Mości gospodarzu, domowy szafarzu,
Nie bądź tak ospały, każ nam dać gorzały
Dobrej z alembika, i do niej piernika.
Hej Kolęda, kolęda.
Chleba pytlowego i masła do niego,
Każ stoły nakrywać i talerze zmywać,
Każ dać obiad hojny, boś Pan bogobojny.
Hej Kolęda, kolęda.
Kaczka do rosołu, sztuka mięsa z wołu,
Z gęsi przysmażanie, zjemy to mospanie,
I cząber zajęcy i do niego więcej.
Hej kolęda, kolęda.
Jędyk do podlewy, Panie miłościwy,
I to czarne prosię, pomieści i to się:
Każ upiec piecznonki, weźmiem do kieszonki,
Hej kolęda, kolęda.
Mości gospodarzu, domowy szafarzu,
Każ dać butel wina, bo w brzuchu ruina:
Dla większej ofiary, daj dobrej gorzały.
Hej kolęda, kolęda.
Piwo będziem pili, będziem się cieszyli,
Nie czekaj ruiny, daj połeć słoniny,
Dla większej ochoty, daj czerwony złoty.
Hej kolęda, kolęda.
Albo talar bity boś Pan wyśmienity,
Daj i bóty stare, albo nowych parę,
Daj i żupan stary i grosik do fary.
Hej kolęda, kolęda.
Mości gospodarzu, domowy szafarzu,
Każ spichrze otworzyć i miechy nasporzyć,
Zyta ze trzy wory i wołu z obory.
Hej kolęda, kolęda.
Na piwo jęczmienia, koni do ciągnienia,
Jagły jeśli macie, to nam korzec dacie,
Tararki na kaszę, kocham przyjaźń waszę.
Hej kolęda, kolęda.
Grochu choć z pół woru, z tutejszego dworu,
Na mąkę pszenicy, zjemy społem wszyscy,
Owsa ze trzy miary, dla większej ofiary.
Hej kolęda, kolęda.
Mościa gospodyni, domowa mistrzyni,
Okaż swoją łaskę, każ dać masła faskę,
Jeżeliś nie sknęra, daj i kopę sera.
Hej kolęda, kolęda.
Mościa gospodyni, domowa mistrzyni,
Okaż swoją łaskę, każ upiec kiełbaskę,
Którą kiedy zjemy, to podziękujemy.
Hej kolęda, kolęda.
Kolędę “Mości gospodarzu” śpiewamy w mojej rodzinie już ponad 30 lat – od czasu gdy moi bracia wujeczni znaleźli na strychu swojego dziadka – kowala – starą kantyczkę w drewnianych okładkach i archaiczną pisownią. (Ich dziadek wówczas jeszcze żył i dziarsko podśpiewywał).

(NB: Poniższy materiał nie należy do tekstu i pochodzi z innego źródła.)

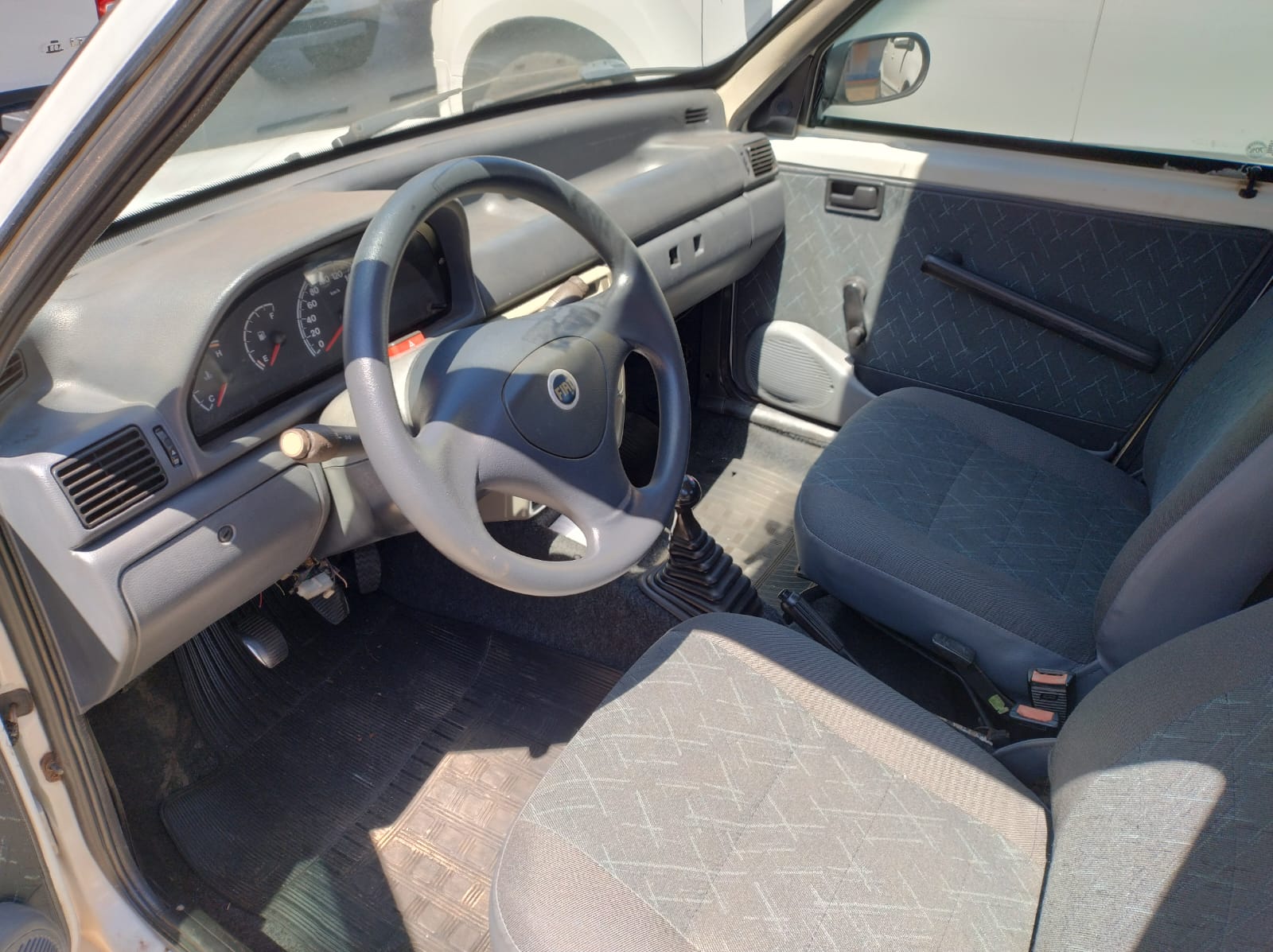 FIAT Uno Mille 1.0 Fire 4p. 2006 - miniatura 6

Ww. kolędę śpiewamy dopiero od pierwszego dnia Świąt Bożego Narodzenia bo w Wigilię u nas nie pożywa się alkoholu nawet pod postacią wina. 🙂
Jeden z moich braci wujecznych zapoczątkował ciekawą tradycje związaną z ww. kolędą: od kilku lat w święto Trzech Króli – obchodzą wraz z sąsiadami domy na swojej ulicy – śpiewając tradycyjne kolędy – zaś ostatnią kolędą jest właśnie “Mości gospodarzu”. Wówczas gospodarz/gospodyni czuje się w obowiązku ugościć “czym chata bogata” nie nie oszczędzając spiżarni ani piwniczki – zaś dzieciaki częstuje cukierkami. Gospodarze ugościwszy kolędników zwykle dołączają do nich odwiedzając kolejnego sąsiada – gdzie historia się powtarza. (Przypomina to nieco szlachecki kulig znany z siekiewiczowskiego “Potopu” 🙂 ). Kolędnicy kończą trasę w domu mojego brata – gdzie biesiada (dla najwytrwalszych 🙂 ) trwa nadal. Co roku korowód kolędników i samo kolędowanie się wydłuża gdyż kolędowanie takie tak się spodobało mieszkańcom osiedla że coraz to dalsi sąsiedzi dopytują się czy aby ich kolędnicy nie ominą 🙂 Hej kolęda, kolęda.